Content starts

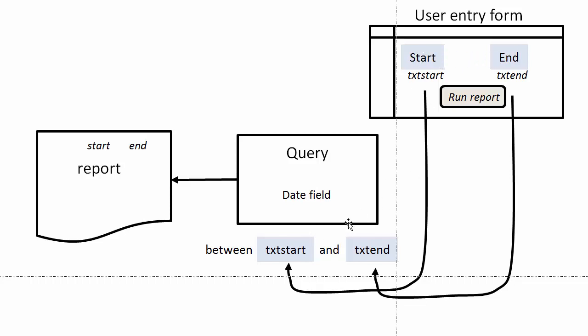Once it has the date, it can go ahead and produce the data set and the report can go ahead and be opened and viewed.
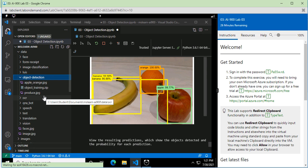With this, object detection is completed. In the next video, we will see how to detect faces in an image.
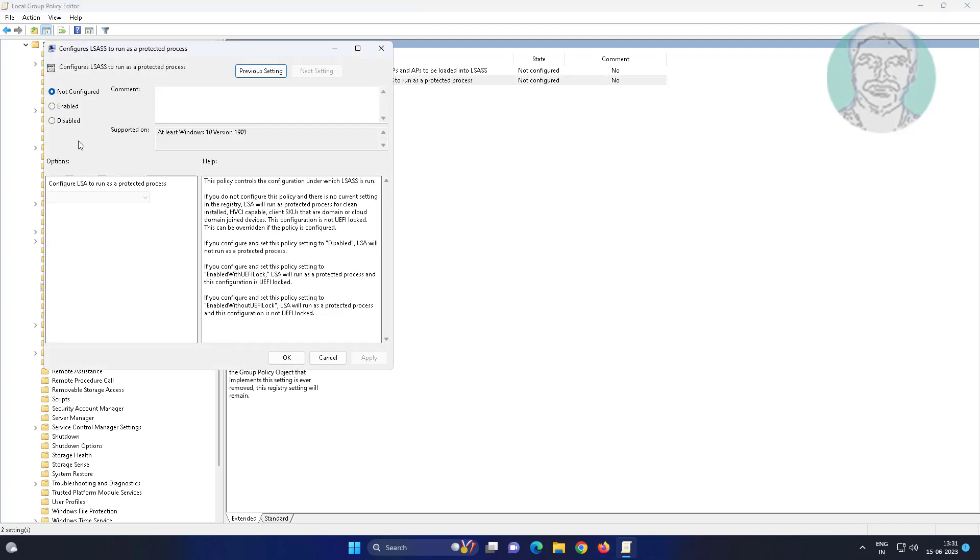Change to enabled, select enabled without UEFI lock, click apply, click ok.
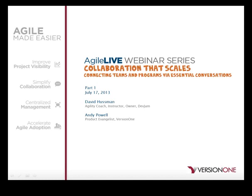I looked at the questions submitted ahead of time, and it's clear that figuring out how to get everyone talking to each other in the right way isn't an easy task. How should we be thinking about collaboration as we work to deliver software across our many Agile teams? To help us answer this question, I'm excited to introduce David Hussman, a well-known Agile coach, instructor, and the owner of DevJam.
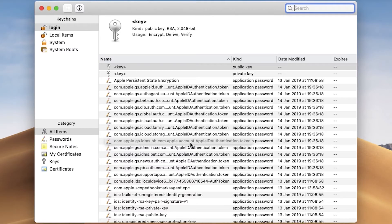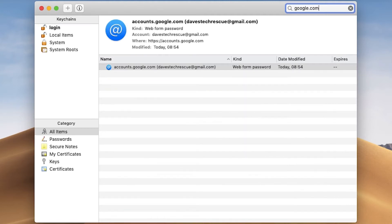You'll see a list of all the logins your Mac has remembered. The quickest way to find a login for a certain website is to search for it by clicking the search box at the top right of Keychain Access. I want to find out my Google password, so I'm going to type google.com. This has filtered down the logins to just the one for Google.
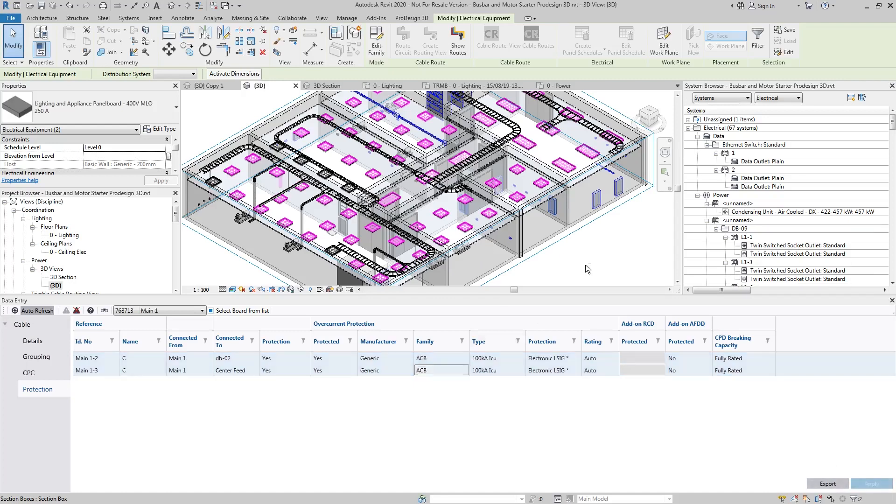That's literally everything related to ProDesign's new improvements in relation to cable routing and data. Thank you for listening.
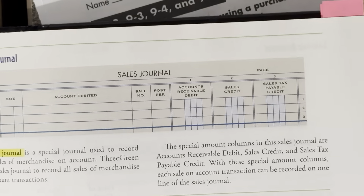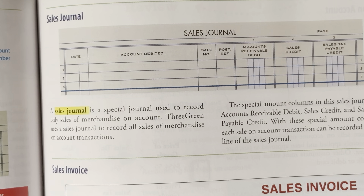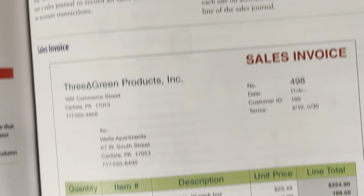The sales journal is exactly what it states — it's a special journal used to record any sales of merchandise on account. This is the sale of merchandise on account, not cash sales. The journal already has columns set up for us: the date, the account debited (which is accounts receivable), a post-reference sales number, a sales credit, and a sales tax payable credit — which makes our journaling a little bit easier.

Content ends

◆ YOUR ASSIGNMENT: Write the records out exactly, dropping every image.

◆ REPLY:
Once it has the date, it can go ahead and produce the data set and the report can go ahead and be opened and viewed.
With this, object detection is completed. In the next video, we will see how to detect faces in an image.
Change to enabled, select enabled without UEFI lock, click apply, click ok.
I looked at the questions submitted ahead of time, and it's clear that figuring out how to get everyone talking to each other in the right way isn't an easy task. How should we be thinking about collaboration as we work to deliver software across our many Agile teams? To help us answer this question, I'm excited to introduce David Hussman, a well-known Agile coach, instructor, and the owner of DevJam.
You'll see a list of all the logins your Mac has remembered. The quickest way to find a login for a certain website is to search for it by clicking the search box at the top right of Keychain Access. I want to find out my Google password, so I'm going to type google.com. This has filtered down the logins to just the one for Google.
That's literally everything related to ProDesign's new improvements in relation to cable routing and data. Thank you for listening.
The sales journal is exactly what it states — it's a special journal used to record any sales of merchandise on account. This is the sale of merchandise on account, not cash sales. The journal already has columns set up for us: the date, the account debited (which is accounts receivable), a post-reference sales number, a sales credit, and a sales tax payable credit — which makes our journaling a little bit easier.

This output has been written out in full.